Sadly, here we have to (or rather, should) include the annoying assert False branches so that the function crashes when it receives unexpected data. In Rust, this would be a compile-time error instead.

Note: Several people on Reddit have reminded me that assert False is actually optimized away completely in optimized build (python -O ...). Thus it would be safer to raise an exception directly. There is also typing.assert_never from Python 3.11, which explicitly tells a type checker that falling to this branch should be a “compile-time” error.
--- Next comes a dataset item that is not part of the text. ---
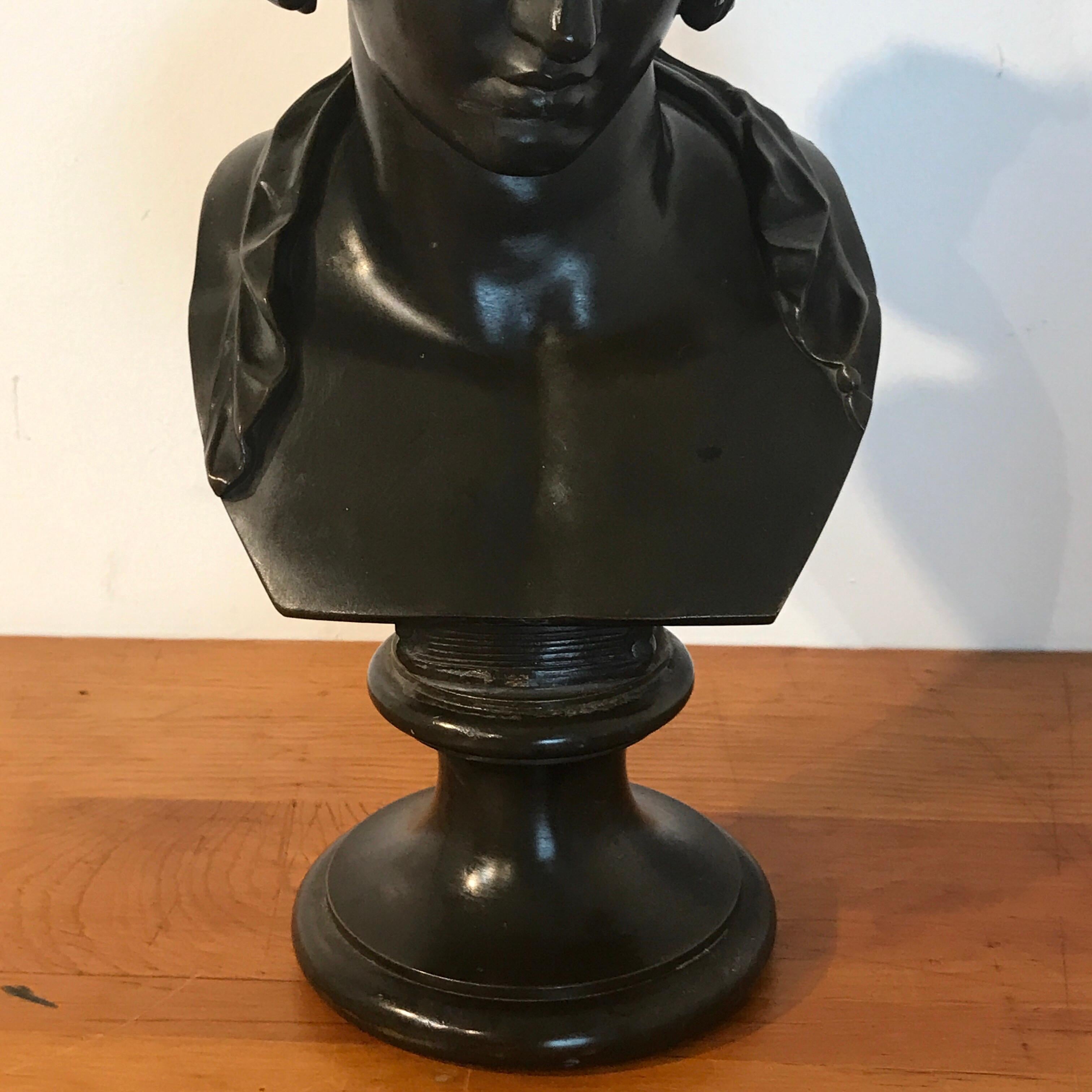 Neoclassical Bronze Bust of Young Bacchus, Attributed to F. Barbedienne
A nice property of the union type is that it is defined outside the class that is part of the union. The class therefore does not know that it is being included in the union, which reduces coupling in code. And you can even create multiple different unions using the same type:

Packet = Header | Payload | Trailer
PacketWithData = Payload | Trailer

Union types are also quite useful for automatic (de)serialization. Recently I found an awesome serialization library called pyserde, which is based on the venerable Rust serde serialization framework. Amongst many other cool features, it is able to leverage typing annotations to serialize and deserialize union types without any additional code:

import serde

...
Packet = Header | Payload | Trailer

@dataclass
class Data:
    packet: Packet

serialized = serde.to_dict(Data(packet=Trailer(data="foo", checksum=42)))
# {'packet': {'Trailer': {'data': 'foo', 'checksum': 42}}}

deserialized = serde.from_dict(Data, serialized)
# Data(packet=Trailer(data='foo', checksum=42))

You can even choose how will the union tag be serialized, same as with serde. I was searching for similar functionality for a long time, because it’s quite useful to (de)serialize union types. However, it was quite annoying to implement it in most other serialization libraries that I tried (e.g. dataclasses_json or dacite).

As an example, when working with machine learning models, I’m using unions to store various types of neural networks (e.g. a classification or a segmentation CNN models) inside a single config file format. I have also found it useful to version different formats of data (in my case configuration files), like this:

Config = ConfigV1 | ConfigV2 | ConfigV3

By deserializing Config, I’m able to read all previous versions of the config format, and thus keep backwards compatibility.

Using newtypes

In Rust, it is quite common to define data types that do not add any new behavior, but serve simply to specify the domain and intended usage of some other, otherwise quite general data type – for example integers. This pattern is called a “newtype” ³ and it can be also used in Python. Here is a motivating example:

class Database:
  def get_car_id(self, brand: str) -> int:
  def get_driver_id(self, name: str) -> int:
  def get_ride_info(self, car_id: int, driver_id: int) -> RideInfo:

db = Database()
car_id = db.get_car_id("Mazda")
driver_id = db.get_driver_id("Stig")
info = db.get_ride_info(driver_id, car_id)

Spot the error?

…

The arguments for get_ride_info are swapped. There is no type error, because both car IDs and driver IDs are simply integers, therefore the types are correct, even though semantically the function call is wrong.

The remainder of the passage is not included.